(Note: This essay was largely written by Rob, based on notes from Nate. It’s formatted as Rob-paraphrasing-Nate because (a) Nate didn’t have time to rephrase everything into his own words, and (b) most of the impetus for this post came from Eliezer wanting MIRI to praise a recent OpenAI post and Rob wanting to share more MIRI-thoughts about the space of AGI organizations, so it felt a bit less like a Nate-post than usual.)
Nate and I have been happy about the AGI conversation seeming more honest and “real” recently. To contribute to that, I’ve collected some general Nate-thoughts in this post, even though they’re relatively informal and disorganized.

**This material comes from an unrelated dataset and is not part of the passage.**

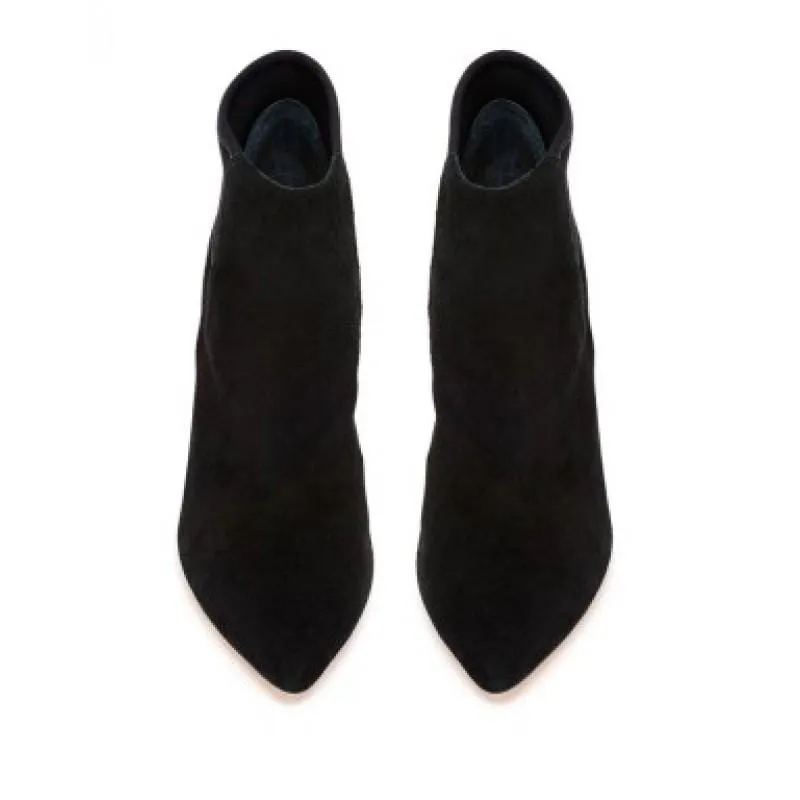 Suede Val Heeled Booties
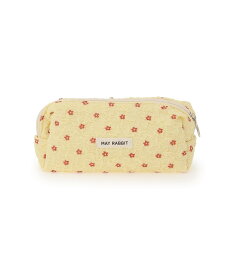 Mignonjour Mignonjour/(W)くしゅくしゅフラワーペンケース ミニョントレフル ルームヨンマルサンセレクティッド 文房具 その他の文房具 イエロー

AGI development is a critically important topic, and the world should obviously be able to hash out such topics in conversation. (Even though it can feel weird or intimidating, and even though there’s inevitably some social weirdness in sometimes saying negative things about people you like and sometimes collaborate with.) My hope is that we'll be able to make faster and better progress if we move the conversational norms further toward candor and substantive discussion of disagreements, as opposed to saying everything behind a veil of collegial obscurity.
Capabilities work is currently a bad idea
Nate’s top-level view is that ideally, Earth should take a break on doing work that might move us closer to AGI, until we understand alignment better.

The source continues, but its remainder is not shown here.